Наивно думать, что древние переписчики донесли до нас наследие почти анонимного мудреца, не потеряв и не исказив ни одного его слова. В произведениях древней китайской литературы имеется около 60 ссылок на пассажи из «Чжуан-цзы», которые отсутствуют в существующих текстах книги. Известны также названия нескольких исчезнувших глав, и остается только надеяться, что они хотя бы частично вошли в сохранившийся до нашего времени корпус текстов.
Совершенно уникальные трудности сопряжены с филологическим анализом трактата. Чжуан-цзы – не Конфуций, как по своему темпераменту, так и по положению в китайской традиции. Приписываемая ему книга всегда привлекала внимание не столько скрупулезных книжников, сколько мистиков и поэтов, искавших в ней не банальной ясности, а творческого вдохновения. В сущности, серьезная редакторская работа над ней началась лишь с прошлого столетия и все еще далека от завершения, ибо этот даосский памятник пострадал от ошибок безвестных компиляторов и переписчиков так, как, наверное, ни одно другое произведение древней китайской литературы. Но главные сложности создают стилистические особенности языка Чжуан-цзы, насыщенного диалектизмами, редкими словами, аллюзиями на неизвестные нам сюжеты и другими сложными для расшифровки риторическими приемами. Крайне осложняет дело и писательская манера Чжуан-цзы – самобытного, даже уникального в китайской традиции художника слова, стоящего выше словарных норм и грамматических правил. В результате истолкователь трактата слишком часто вынужден решать, имеет ли он дело с очередной ошибкой переписчика, очередной подделкой позднейшего интерполятора или же со словесной фигурой философа-поэта. Слишком часто переводчик Чжуан-цзы вынужден сбиваться на пересказ, то и дело спотыкаясь о фразы, которым можно приписать прямо противоположный смысл. Читатель, который даст себе труд прочесть единственный полный русский перевод «Чжуан-цзы», выполненный Л. Д. Позднеевой, [1] убедится сам, как сложно дать вразумительное истолкование Чжуан-цзы, заботясь одновременно о верности оригиналу и законах русского языка.
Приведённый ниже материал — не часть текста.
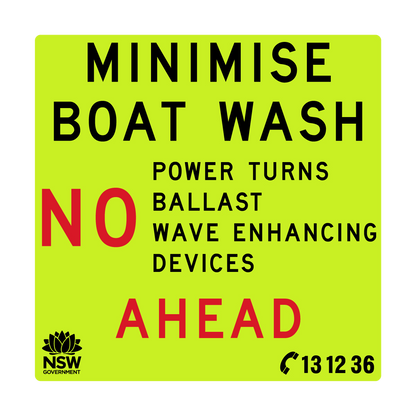 Minimise Boat Wash No Power Turns etc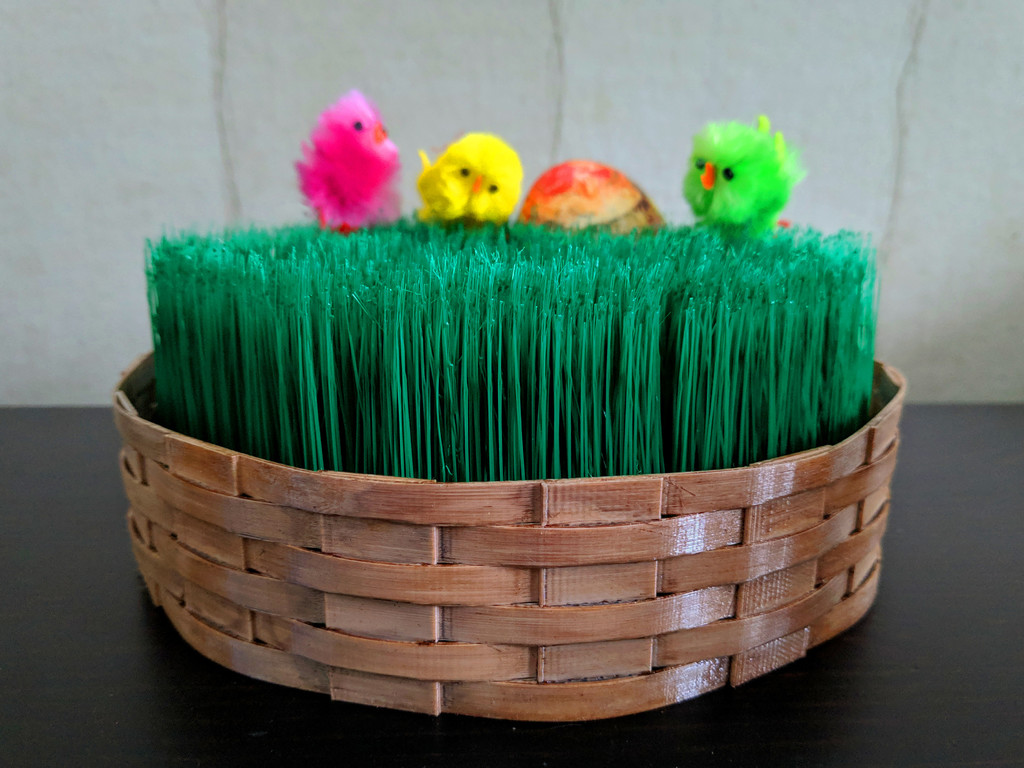 3D Printable Easter Grass Basket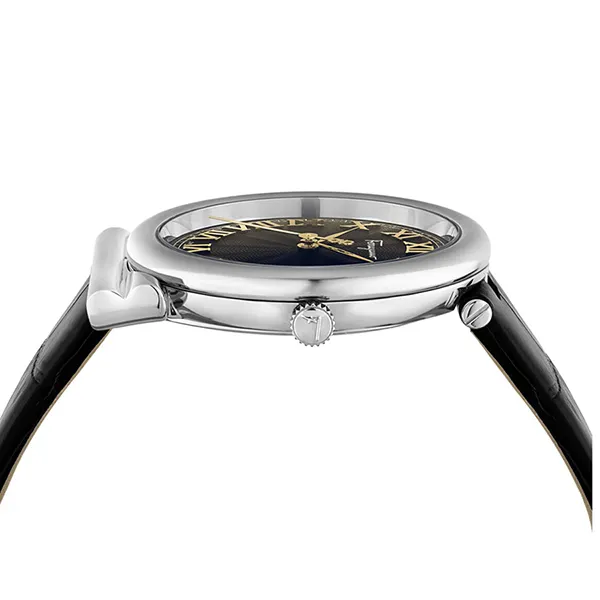 Đồng Hồ Nữ Salvatore Ferragamo Gancini Leather Watch SFUF00621 Màu Đen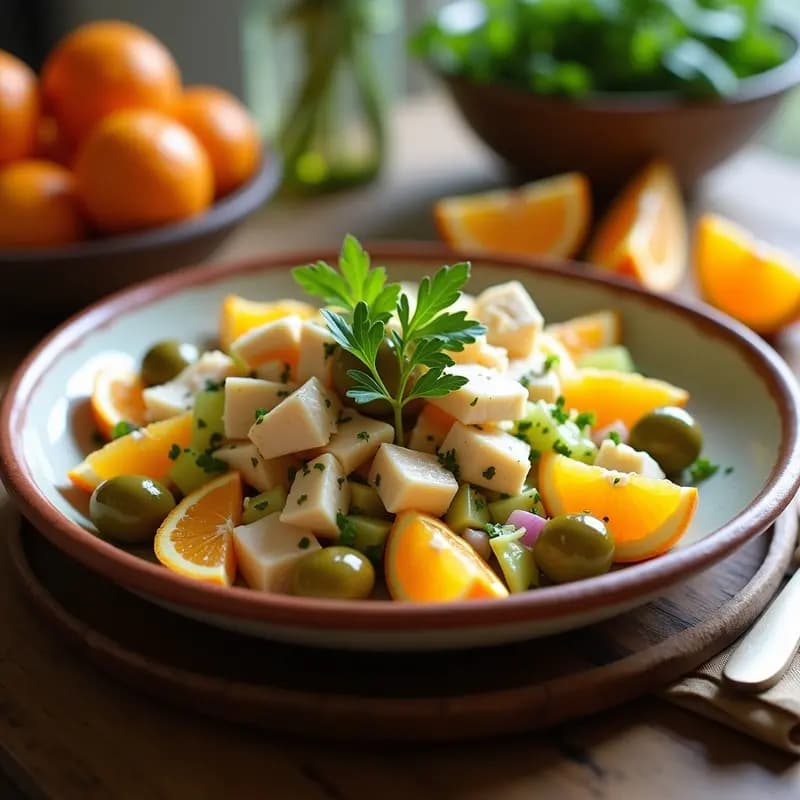 Ensalada Camerana con Bacalao, Naranjas y Aceitunas: Plato Murciano Fresco y Nutritivo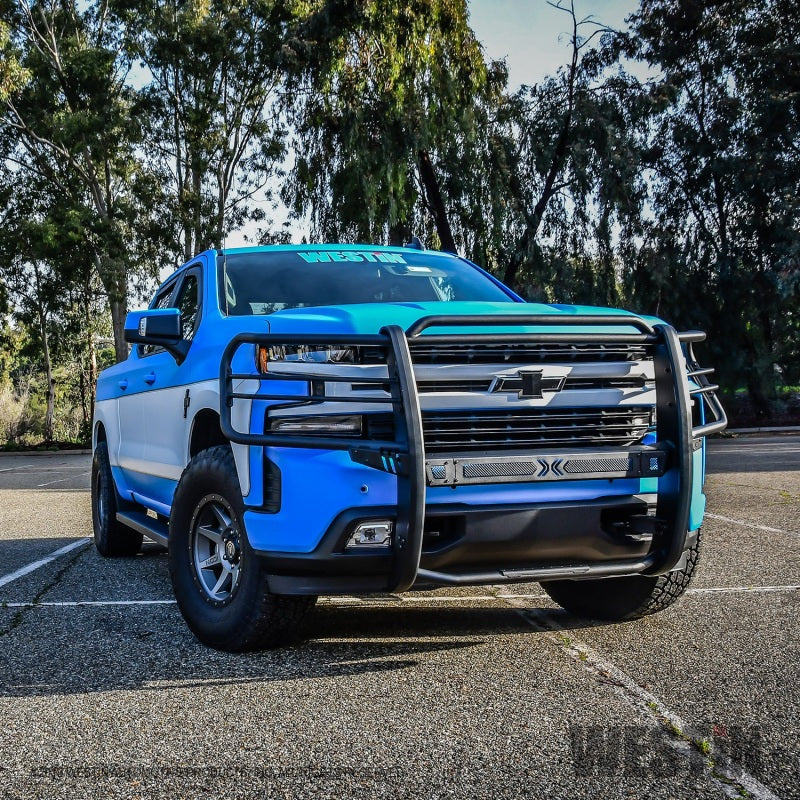 Westin 19+ Chevy 1500 Sportsman X Grille Guard - Textured Black (Excl. 2019 Silverado LD)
Отдельно стоит проблема аутентичности дошедшего до нас текста трактата. В Китае она была поставлена давно, и старые китайские комментаторы потратили немало сил и времени, пытаясь установить, что в книге принадлежит самому Чжуан-цзы. Сейчас нет нужды входить в детали их изысканий. Во «внешнем» и «смешанном» разделах трактата есть немало фрагментов, содержащих недвусмысленные свидетельства их позднего происхождения – вплоть до начала II в. до н. э. Однако попытки найти универсальные критерии аутентичности текста не выходят за рамки произвольных расчетов, основанных на личных взглядах и впечатлениях их авторов. Опыт датировки трактата по ряду лингвистических признаков, предпринятый советским китаеведом А. М. Карапетьянцем, дает основания говорить о наибольшей стилистической однородности «внутреннего» раздела книги. Впрочем, и в других ее частях нет текстов, явно выпадающих из литературной традиции, заложенной Чжуан-цзы.